╭─ RECORDED DATA

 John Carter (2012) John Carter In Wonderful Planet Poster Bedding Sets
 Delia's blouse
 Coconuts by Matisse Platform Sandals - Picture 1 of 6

╰─
╭─ RECORDED DATA

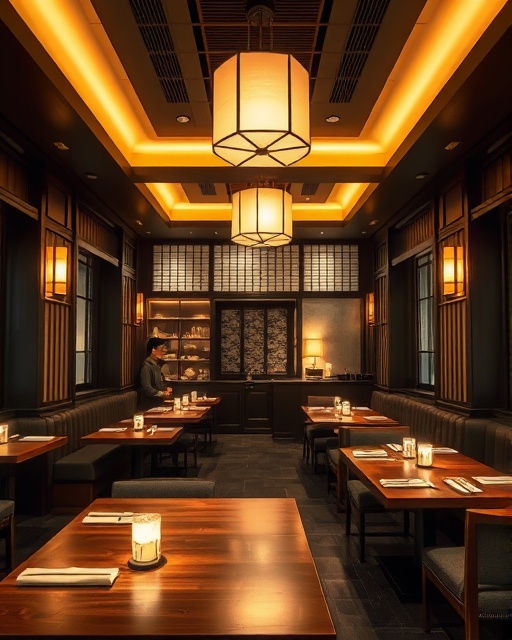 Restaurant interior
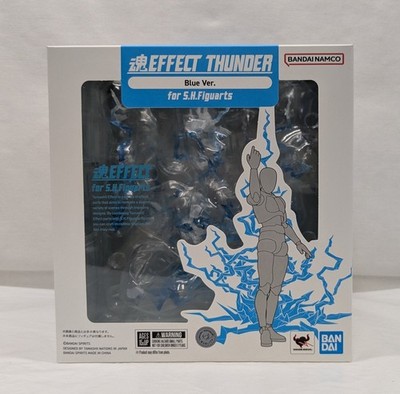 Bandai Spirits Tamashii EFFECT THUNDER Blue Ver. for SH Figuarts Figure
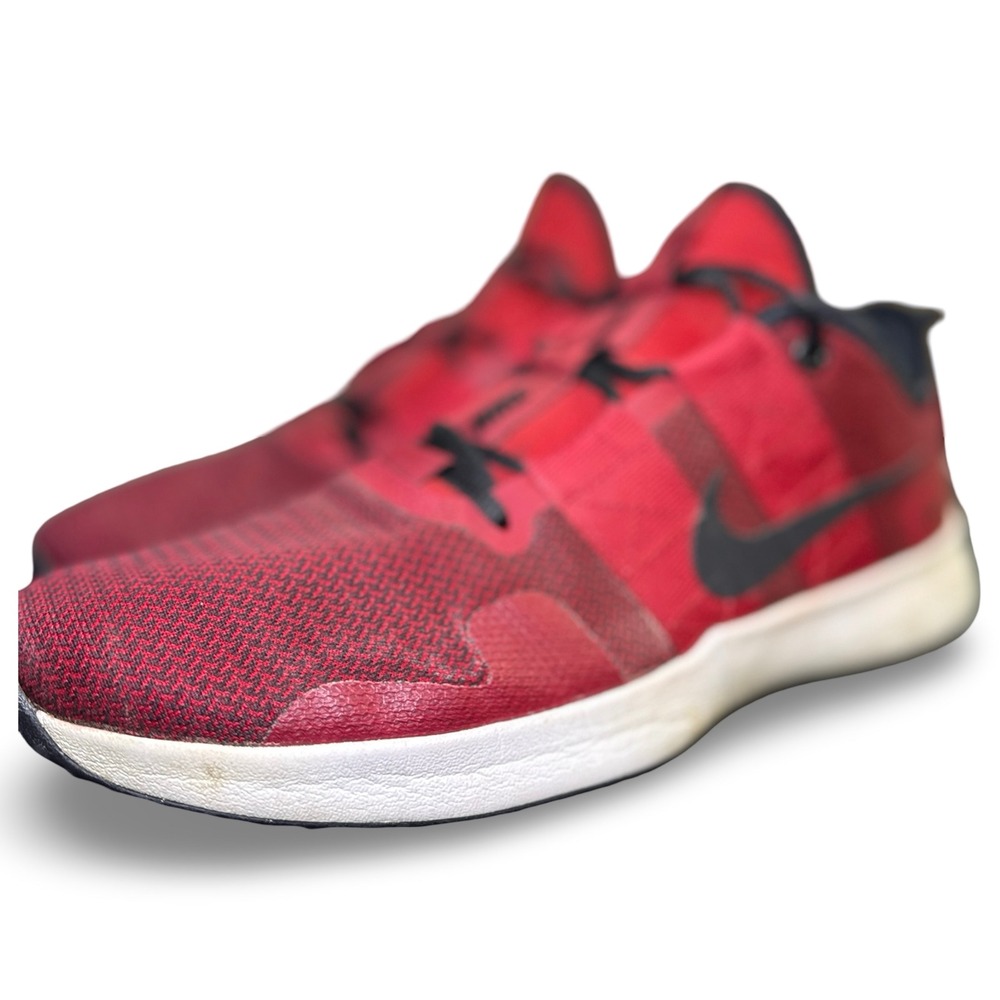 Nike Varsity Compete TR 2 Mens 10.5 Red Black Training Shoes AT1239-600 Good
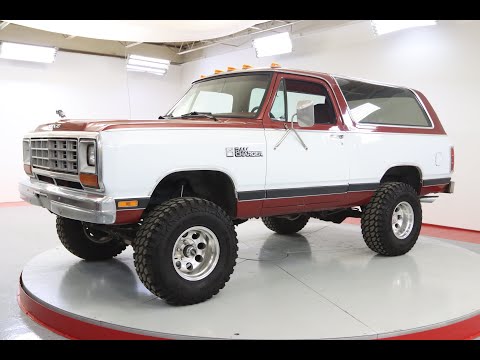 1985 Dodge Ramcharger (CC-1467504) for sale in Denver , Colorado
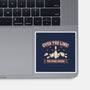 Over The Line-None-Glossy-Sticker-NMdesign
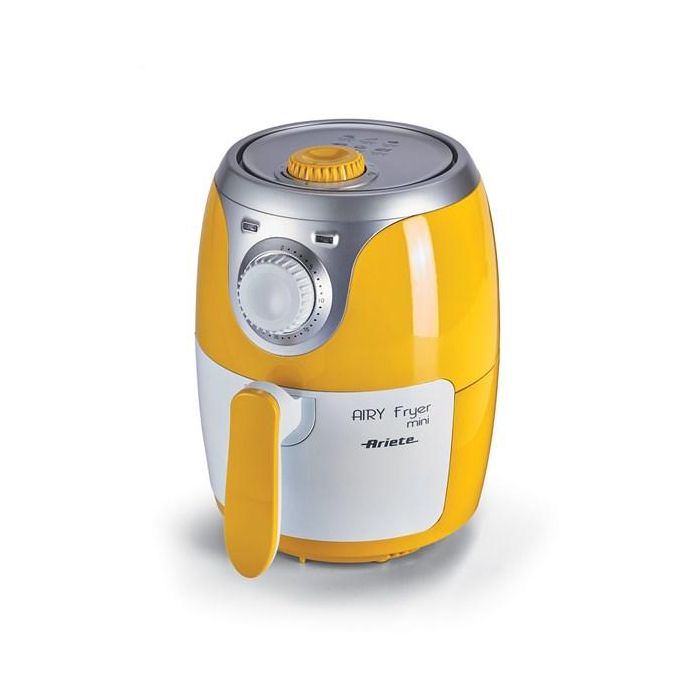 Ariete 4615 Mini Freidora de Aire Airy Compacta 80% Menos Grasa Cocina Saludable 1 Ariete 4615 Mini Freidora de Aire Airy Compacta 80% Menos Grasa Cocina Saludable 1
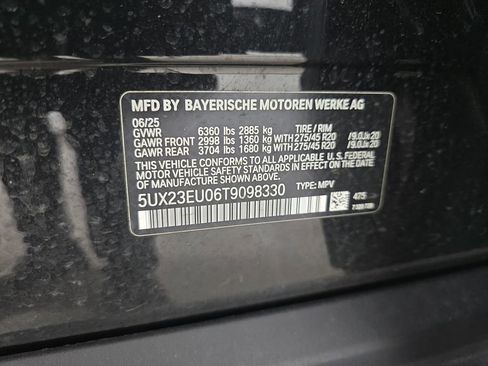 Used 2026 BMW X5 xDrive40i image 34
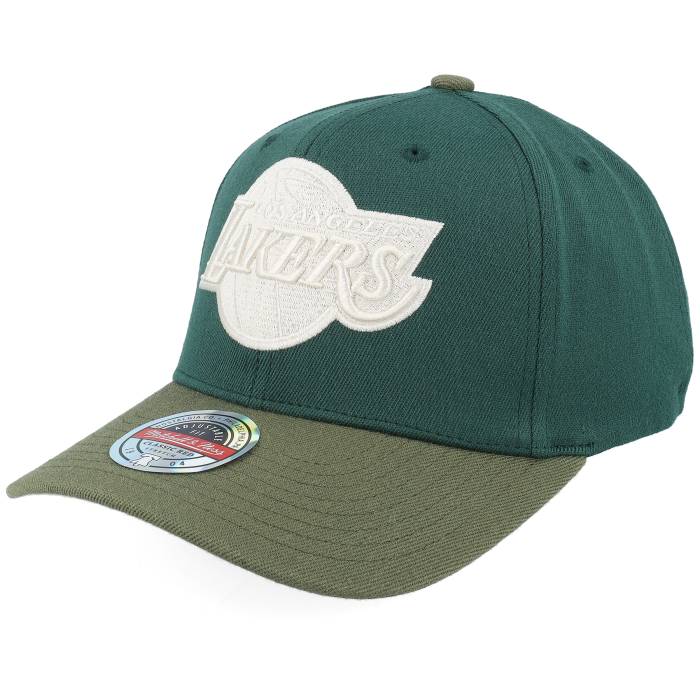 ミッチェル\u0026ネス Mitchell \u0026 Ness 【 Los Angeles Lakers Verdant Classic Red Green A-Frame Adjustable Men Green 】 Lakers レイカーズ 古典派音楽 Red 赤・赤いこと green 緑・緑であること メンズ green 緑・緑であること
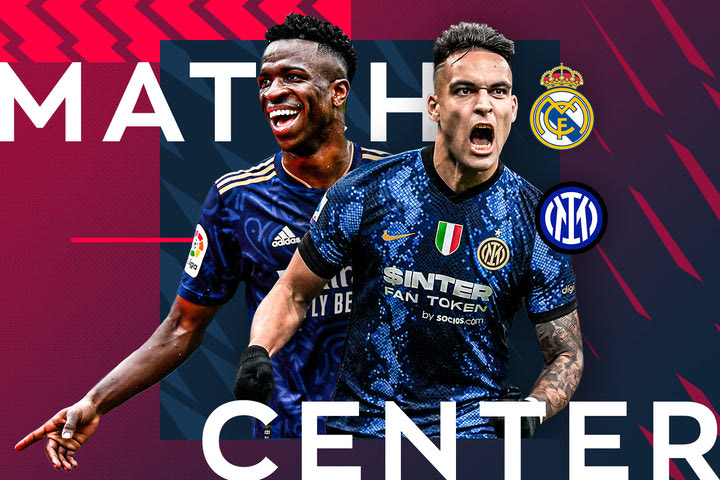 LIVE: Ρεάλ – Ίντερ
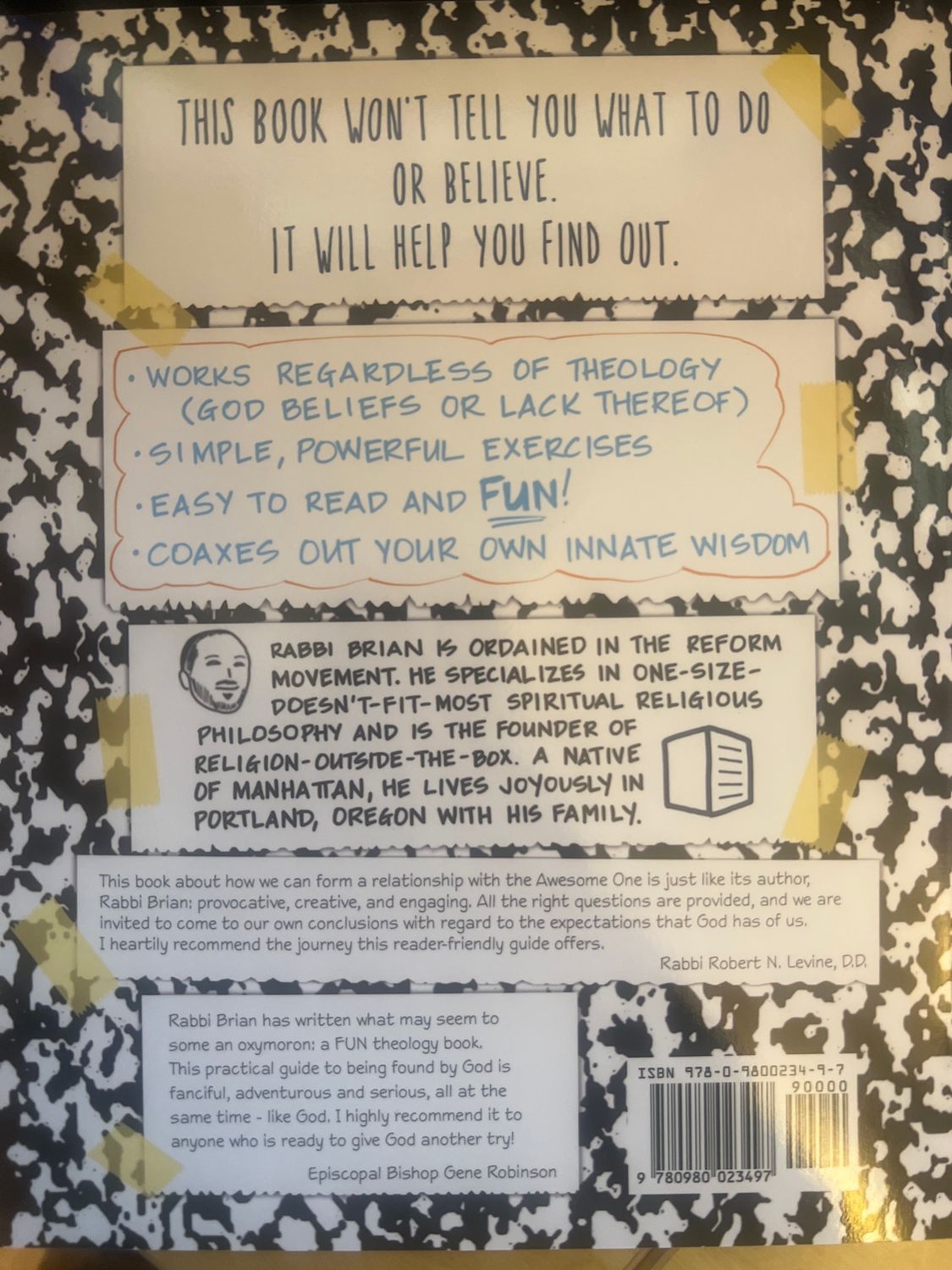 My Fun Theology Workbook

╰─

__INSTRUCTIONS TO FOLLOW__
Please output the lines above beginning at the line with "ミッチェル\u0026ネス Mitchell \u0026" and ending after the line with "My Fun Theology Workbook", precisely as written and with no pictures.

__EXERCISE RESPONSE__
 ミッチェル\u0026ネス Mitchell \u0026 Ness 【 Los Angeles Lakers Verdant Classic Red Green A-Frame Adjustable Men Green 】 Lakers レイカーズ 古典派音楽 Red 赤・赤いこと green 緑・緑であること メンズ green 緑・緑であること
 LIVE: Ρεάλ – Ίντερ
 My Fun Theology Workbook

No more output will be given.